These are really good points. I've found that refreshing diagrams, even if's a hand drawn update, or modifications, to an older diagram for the new person on the team can be valuable in identifying what is different and getting a sense for how important it may be to redocument (or even refactor) that system.

Simply putting dates on diagrams so people aren't guessing is helpful. It goes with doing something like automatic labeling of content in your wiki that's over a certain age so that people are mindful.


I like bpmn workflows. Especially with the Camunda editor. Not for execution, but for quickly drawing up logic and flows to explain how I suggest we do things. Those diagrams are complete enough to encompass everything: low-level logic to high level cloud and system architecture.

And everyone understands them without any help or explanation.


I've recently started using Terrastruct, which I've come to enjoy as I feel like I can quickly put together business logic and share it with the team without the tool getting in the way: https://terrastruct.com/


I use excalidraw for high level diagrams. Love the handdrawn feel to it. There's a feature to collaborate too but I haven't tried it yet.


I use the FMC - Fundamental Modeling Concepts language to draw systems and architecture diagrams. The beauty of FMC is that only two node types exist, both having very clear semantics (depending on which of the 3 diagram types you draw/read). In a systems diagram a sharp rectangle represents an actor and a rounded rectangle/circle represents a persistent/volatile memory. You can only ever connect an actor with a memory (space), I think it’s called a bipartite graph.

My university took part in its research (less nowadays) and I’m really glad I had the chance to learn it. I still use it at work.

[0] http://www.fmc-modeling.org/


Also a big fan of FMC for architecture diagrams - in bigger systems, being able to easily distinguish "action" vs "state" nodes has been useful in reasoning about behaviors. Pity it never took off, and there doesn't seem to be much tooling for it.

For other uses - yeah, ERD and sequence diagrams are the workhorses.


There’s good tooling for FMC: pen&paper and white boards ;-) FMC is so easy, you can draw it everywhere.


Nothing most of the time. Maintaining diagrams is pain and rarely reflects reality. We have all our services in AWS and it doesn't take long to trace backwards from DNS if I actually don't know how something works.



I mostly draw data flows. Draw a bunch of boxes representing different services and sometimes different components, and labeled arrows describing where events/data flows.

When that's not sufficient, usually a sequence diagram adds a whole ton of clarity

For reviews with new people, a limited ERD is handy, mostly to show where the 1:n or n:n relationships are

I somewhat frequently write truth tables to get a good breakdown of different usecases

I use web sequence diagrams for my sequence diagrams, but mostly everything else I'm drawing by hand in paint 3d with the surface's nice pen drawing


I use different hand-drawn notations for different purposes - they should be intuitive so people would understand without learning anything.

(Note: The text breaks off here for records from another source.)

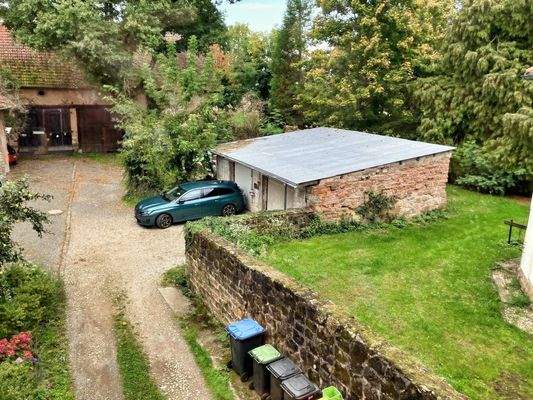 Zufahrt Garage und Scheune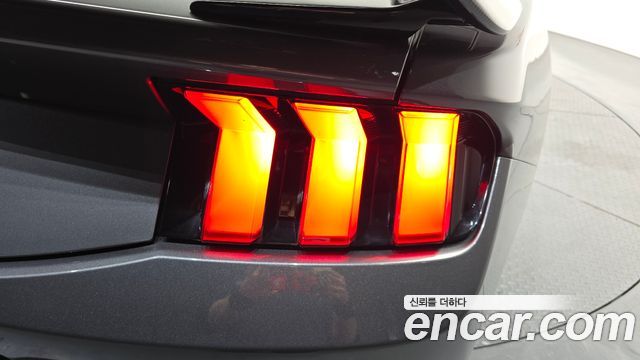 Ford Mustang (VII) 2.3 EcoBoost Premium Coupe 2024 — фото 23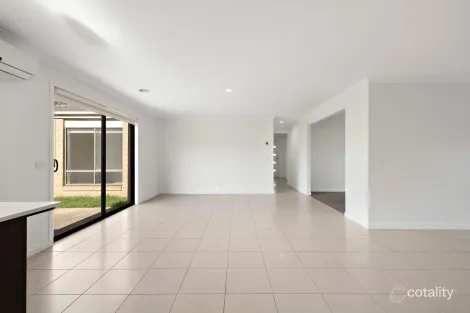 Property photo of 16 Sunningdale Road Doreen VIC 3754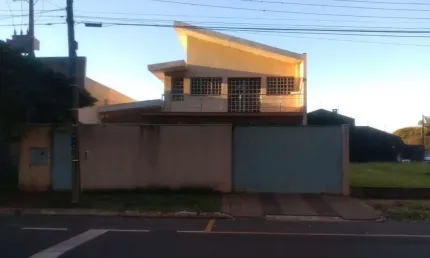 Barracão / Galpão / Depósito com 4 salas para alugar na Avenida das Indústrias, Jardim América, Maringá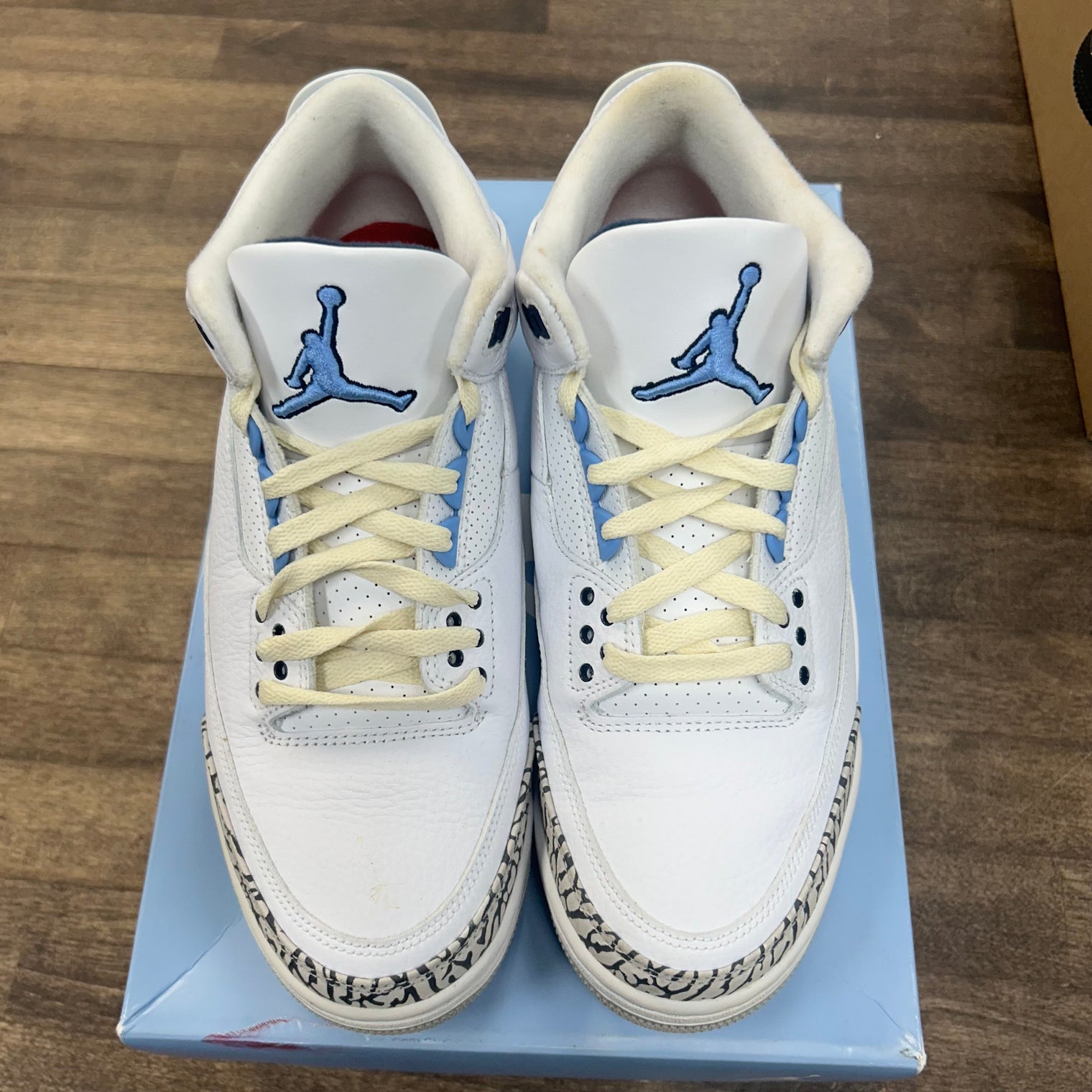 UNC Jordan 3 Retro (USED)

The major problem I see in UML is it tried to unify things, but in reality, we use diagrams for different purposes and different audiences. The same idea could be found in C4.

I don't strictly follow C4, instead, I choose notions I find suitable for the audience and context (eg: architecture for tech people, domain modeling for domain experts, or just abstract ones help myself thinking)


Control Flow diagrams to work out logic, turn that into pseudocode in comments, then start implementing under each comment.

Also, ER diagrams because it's easy to translate drawing to normal form


We are makers of gleek.io diagram maker https://www.gleek.io/ and we use this tool internally as well.

When I create diagrams I prefer typing than drag-and-dropping and gleek.io is pretty fast.

You can check the diagram examples:

* Basic shapes https://app.gleek.io/diagrams/basic

* ERD crows foot https://app.gleek.io/diagrams/erdiagram

* UML class diagrams https://app.gleek.io/diagrams/class

* UML sequence diagrams https://app.gleek.io/diagrams/sequence

Recently we made also video tutorials, hopefully it helps when you are learning to work with a tool:

https://www.youtube.com/channel/UCMl_1_jjnhgPAsRBuJ0yzAA

Feel free to ask anything, happy to help!


Visio. I like the large amount of styling options, installable Azure component packs.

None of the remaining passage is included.